South Street Seaport
For more than 300 years, this shorefront spot was Manhattan's hangout for sailors and fishmongers. When developers began building high-rises in the area in the 1970s and '80s, the construction sites became a hot spot for contemporary treasure hunters and archeologists. In the '80s, mixed-media artist Scott Jordan, who incorporates historical artifacts into his work, snuck into one such spot—at the corner of Front Street and Old Slip—with his tools at 2am. "The dirt was stored in an empty lot by the Manhattan Bridge. I looked through it before it was thrown in trucks and hauled away to be buried again in a landfill," he says. Jordan unearthed a Revolutionary-era find in a rare 17th-century onion bottle, a squat English wine jug designed to stay upright on the high seas. City agencies, such as the Department of Design and Construction, which was founded in 1996, often sponsor excavations to preserve any history buried underground before building projects progress. The basement of a 1860s print shop, complete with filled inkwells, was unearthed last year in one such dig by Alyssa Loorya and the Chrysalis Archeological Consultants team. The South Street Seaport Museum, which reopened January 26, shows the changing topography of the city in "Manhatta: Manhattan in 1609." 89 South St at Fulton St; (212-748-8600, seany.org). Wed--Sun 10am--6pm; $5. Opens Thu 26.

Gowanus Canal
You'll have to be a brave—or crazy—soul to search the ultra-polluted waterway for historical nuggets. However, the Superfund site holds a number of timeworn treasures dating to its construction in the mid-1800s. Sonar readings have already identified sunken boats, including a 60-foot wooden vessel, which may eventually surface during the decade-long cleanup process. In the meantime, amateurs willing to brave the sludge can plug their noses and fish around the section of the canal that passes Union, DeGraw and Douglass Streets near Nevins Street: It's close to the Old Stone House, one site of the 1776 Battle of Brooklyn, and is thought to contain objects dating back to the Revolutionary War. If you'd rather not wade in the waste, historical maps, preserved fauna and other artifacts retrieved from the canal are on display at exhibition space Proteus Gowanus. Proteus Gowanus, 543 Union St at Nevins St, Gowanus, Brooklyn (718-243-1572, proteusgowanus.org). Thu, Fri 3--6pm; Sat, Sun noon--6pm; free.

Central Park
Last summer, a team of undergraduates from City College of New York dug up 1820s ceramics, kitchen utensils, walls and fragments of clothing from the city's first African-American settlement, Seneca Village. "The objects in their own right aren't interesting to us—it's about the stories they tell," says CCNY professor Diana diZerega Wall, one of three faculty members who supervised the dig. The early 19th-century-neighborhood stood on the west side of the park, between 81st and 89th Streets, until it was demolished in the late 1850s to make room for the sprawling green space. The team compared modern park maps with 1850s settlement diagrams to learn about the items' owners and used radar to find sections chock-full of artifacts. They also stationed guards at the site around the clock during the eight-week dig to deter looters.

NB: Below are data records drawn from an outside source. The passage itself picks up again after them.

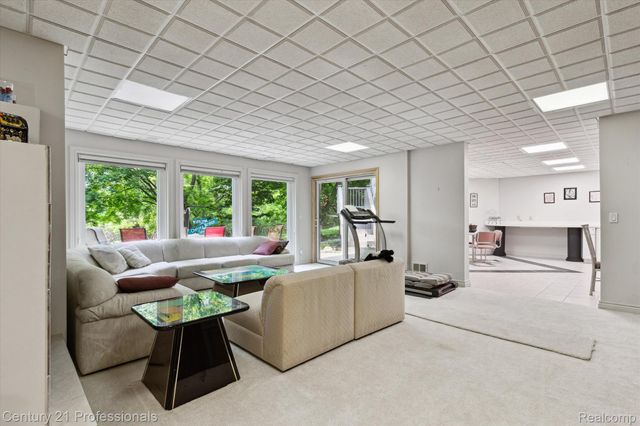 6642 Carlyle Court, West Bloomfield Charter Township, MI 48322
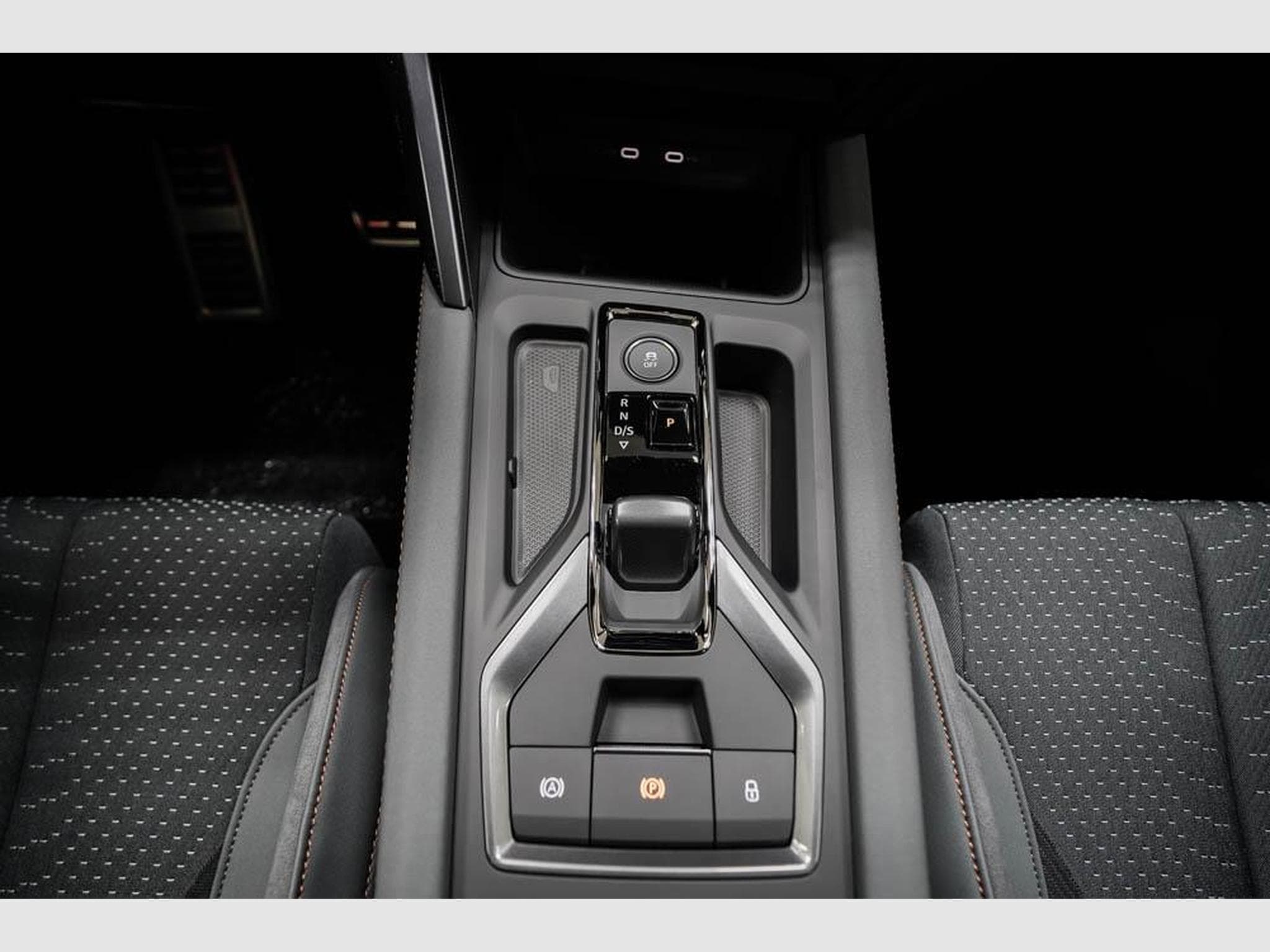 Cupra Leon ST 2,0 TSI (2026) - Photo 12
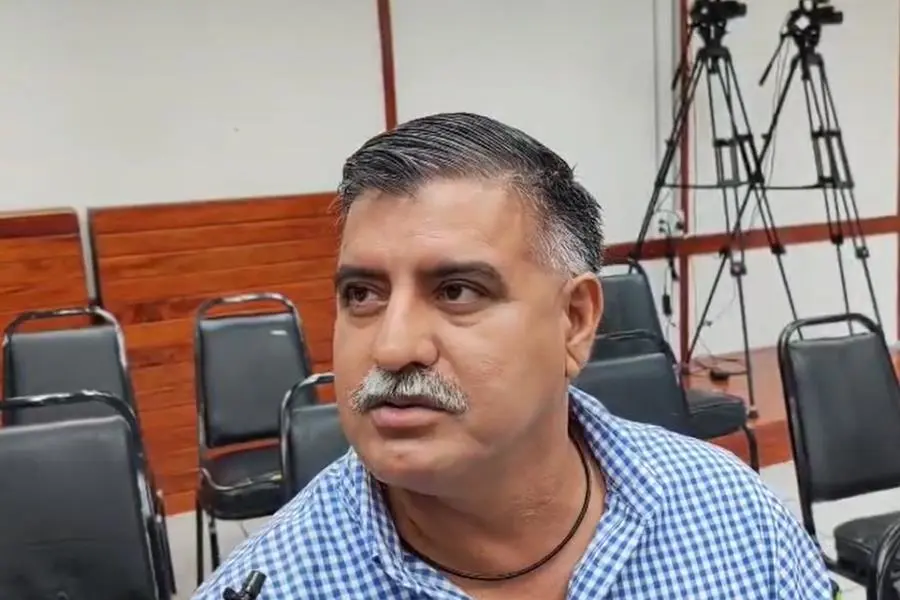 Romero del Valle llama "delincuente electoral" a representante del PRD; éste rechaza ser funcionario del Congreso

Central Park, enter at Central Park West and 85th St (212-310-6600, centralparknyc.org).

Van Cortlandt Park
One of New York's most prominent early families, the Van Cortlandts, settled in the park that now bears their name in 1694 and lived on the property until selling it to New York City in 1889. More than a century later, archeologists had a field day when they discovered that the family had dumped hundreds of plates and medicinal bottles into underground pits. A Brooklyn College team searched newspapers, magazines and merchant records to learn about the discarded wares. "There's a myth that archeologists spend all of our time on sites," says another Chrysalis archeologist, Chris Ricciardi, who participated in the digs as a student in the 1990s. "It isn't true. Most of the time, we're digging in libraries." Historic objects found during the excavations, such as plates and flatware, are on display at the Van Cortlandt House Museum. Van Cortlandt Park, Broadway at 246th St, Bronx (718-543-3344, vancortlandthouse.org). Tue--Fri 10am--3pm; $5, seniors and students $3.